David Carr titles today's piece, "Eric Cantor's Defeat Exposed a Beltway Journalism Blind Spot" (my dead trees version has a slightly different headline). Much of his writing is about the evisceration of newspaper staffs, but he also, obliquely, takes aim at the data bits of elections. Specifically, campaign internal polls. Only good news can be had.
Data-driven news sites are all the rage, but what happens when newspapers no longer have the money to commission comprehensive, legitimate polls? The quants took a beating on this one, partly because journalists are left to read the same partisan surveys and spotty local reporting as Mr. Cantor's campaign staff, whose own polling had him up by more than 30 points.
[emphasis added]
There may well have been nothing wrong with Cantor's polling per se, in the sense that Cantor's operatives didn't purposely skew the data to please Cantor and campaign management. What a candidate tells the public is a different story, of course; but serious ones want serious, accurate, polling data. Otherwise, he's sailing blind. As with all stratified random sampling, getting the strata right is the most important task. Only then can you draw proper inferences. I'll go out on a limb, and postulate that Cantor's campaign didn't spend much time polling in the truly redneck counties (too many miles for too few responses, and it's been reported in the post mortem that he campaigned not much), and that Brat (and the Right Wingnut surrogates like Ingraham) did. They all got in their pickup trucks with gun rack and plastic Jesus and headed off to vote that Communist Cantor off the ballot. I mean, isn't that a Jewish word?
As asserted here much of the time, data is subservient to policy whenever they disagree. Believing one's own propaganda is fraught with terror. In Cantor's case, one might chuckle that he was hung by the lynch mob he created. One could also conclude that there's a scary bit of Nazi out there in the South. As if it ever left. The real question will be whether the 65,000 or so who voted in the primary represent the thoughts (I use the word with trepidation) of most of 7th/VA? Or could it be Something Else? Read on.
In a previous missive I asked, plaintively, what Nate might have thought. Well he did have some thoughts. He takes the earthquake analogy to the ends of the earth. An interesting read, but I didn't see that he did any better than any other pundit in explaining the defeat. It clearly wasn't in any of the available data before the election, as Carr points out. But what was Ingraham doing out there?
If there were ever a case where policy beat the crap out of data, this is it. No rational Republican would cut off his nose to spite his face by giving up a seat of such power. But the yahoos in 7th/VA were happy to do so. Or, as Will put it, Cantor was: "hoisted with his own petard". Or not?
Some data.
According to the Cook PVI, 7th/VA isn't even the most right wing district in VA, at R+10. But, anyone who's lived in the DC environs knows, there's two Virginias, and the Old South version is increasingly paranoid, even as it gathers up moolah from the socialist bureaucrats living in the DC commuting counties.

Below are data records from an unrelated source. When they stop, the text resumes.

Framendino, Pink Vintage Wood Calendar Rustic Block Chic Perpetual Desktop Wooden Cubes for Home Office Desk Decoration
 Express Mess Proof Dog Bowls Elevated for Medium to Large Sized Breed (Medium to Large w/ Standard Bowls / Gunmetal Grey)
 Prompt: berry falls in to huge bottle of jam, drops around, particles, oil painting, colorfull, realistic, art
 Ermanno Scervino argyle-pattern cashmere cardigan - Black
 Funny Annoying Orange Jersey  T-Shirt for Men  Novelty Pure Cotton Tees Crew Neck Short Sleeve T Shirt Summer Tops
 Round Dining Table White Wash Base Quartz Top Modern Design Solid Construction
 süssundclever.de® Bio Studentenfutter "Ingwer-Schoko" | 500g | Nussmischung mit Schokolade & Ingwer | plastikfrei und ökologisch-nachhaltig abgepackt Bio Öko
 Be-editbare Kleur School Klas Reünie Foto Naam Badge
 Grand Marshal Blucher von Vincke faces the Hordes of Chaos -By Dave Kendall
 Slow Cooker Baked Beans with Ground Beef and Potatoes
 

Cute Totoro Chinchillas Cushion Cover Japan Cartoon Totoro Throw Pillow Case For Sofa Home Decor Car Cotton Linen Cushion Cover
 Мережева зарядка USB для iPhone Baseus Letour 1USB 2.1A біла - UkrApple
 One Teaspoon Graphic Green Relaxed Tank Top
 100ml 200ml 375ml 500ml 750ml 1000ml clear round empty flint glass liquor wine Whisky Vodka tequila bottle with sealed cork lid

Let your fingers do the walking through the Google pages. In an unsuccessful attempt to find the precinct level vote cast (did Brat really win by getting out the redneck vote?), I did find this bit of irony:
Virginia has an open primary process, in which registered voters do not have to be members of a party to vote in that party's primary. With the Democrats in the 7th District having already nominated their candidate at a convention on June 7, they were free to vote in the Republican primary on Tuesday. The 17,900 additional voters casting a ballot in this year's Republican primary relative to in 2012 could be a result of Democrats voting in an attempt to unseat Cantor.
Even so, only about 10% of the district's voters made the decision. About time we had mandatory voting?
Could it be? Democrats can play dirty? Or did Ingraham, et al, persuade the gun rack brigade? We won't know with any certainty until the general election, if then. A Democrat false flag operation would certainly explain the discrepancy between polling and outcome. But so would the gun rack brigade. An educated surmise could be drawn if one knew which precincts accounted for those "extra" 17,900 votes. Did they happen in Blue Leaning precincts or Red Leaning ones? Were these votes spread across all precincts? Didn't find the numbers, alas. I've been (attempted) to be polled, and the first question is "what's your party?". Cantor's pollsters would likely have skipped those that said "Democrat". Or the long-hair with tattoos who said, "fuck off". And so forth.
Finally, The Times has this graph (thanks R?), which appears to show Cantor getting the DC ex-urbanite vote, while Brat took the downstate ruralists and some suburban Richmond. Could be a mix of Democratic counterinsurgency and Tea Party get out the vote. This Fairfax County FAQ says affiliation is not tracked.
Cantor's defeat is open to much speculation. Love it.